Maybe it's the way you've described it, but this sounds like
a very
contrived and fickle security mechanism. I really don't understand the
purpose of your encryption, can you elaborate any? Maybe I'm just
confused with the example you gave. Further more, if you want to
restrict operations on a given a file, why reinvent the wheel, it's
already doable. Also, the audit subsystem does log events describing
"copy" events, renames, linking, unlinking, open's, close's, file
attribute modifications, etc, without the need for modifying specific
programs. Decompose the "abstract" event of cut and paste into its
system-calls and there you go.
The original idea was to prevent the user from opening the file in any
text or hex editor and changing the file or the file's allowed operations,
which would be stored in the file itself. However, if we can capture the
open call we may not need the the encryption afterall. All of this is just
a proof of concept.
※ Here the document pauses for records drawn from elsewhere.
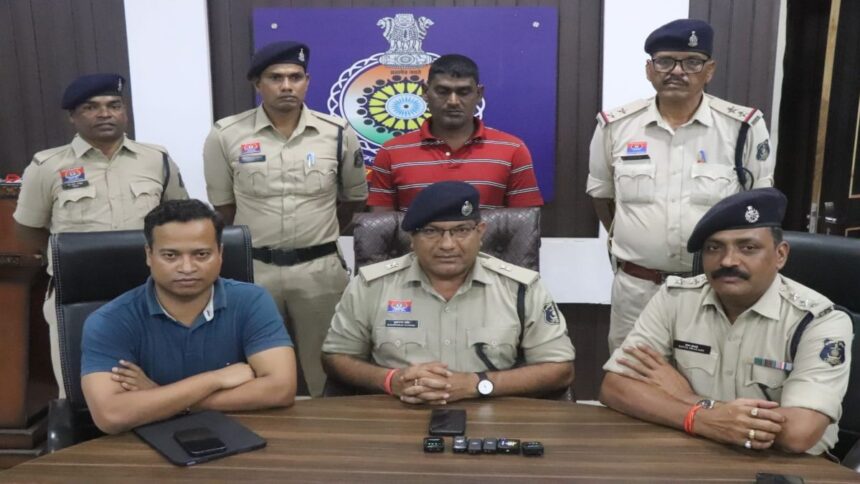 छत्तीसगढ़: भगवान से नाराज युवक 10 मंदिरों में करने लगा चोरी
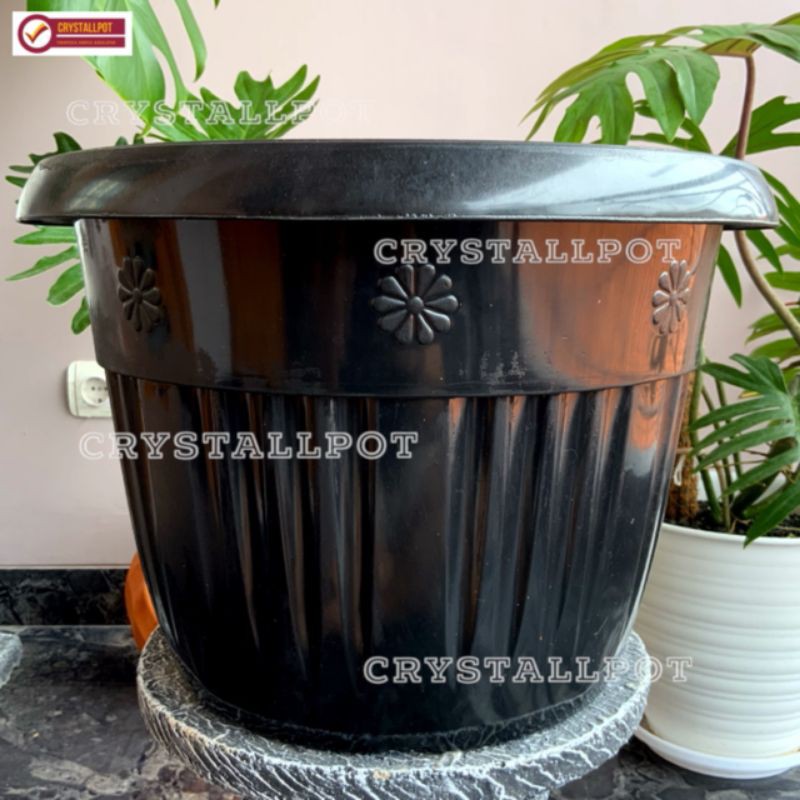 Pot bunga tanaman plastik hitam Grace 40cm kuping - Grace 40 kuping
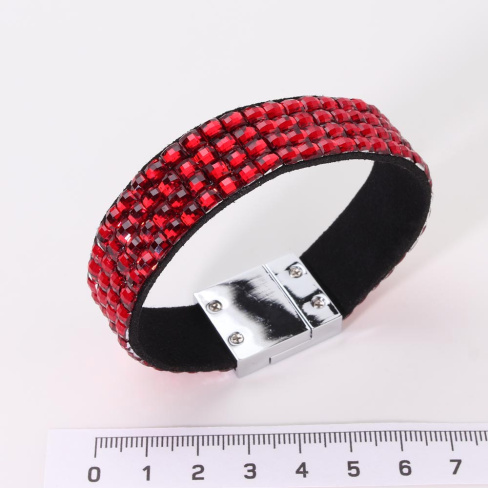 /tmp/v8_Lr0IIr_7f90.М1-851 красный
It will need to be refined much more before we do the
actual implementation, which is why I'm here to get these comments and
ideas from the community. :) We do not want to reinvent the wheel but the
permissions need to go beyond the basic read-write-exec since engineers
will need to modify the source code files but we may not want them to copy
them to a usb drive or email them, and we want the permissions to be in
place across platforms.
You'd have to modify OpenOffice to decrypt and re-encrypt documents,
right?
The idea was that we would capture the writes and the data and then
encrypt it ourselves so OO would not need to care.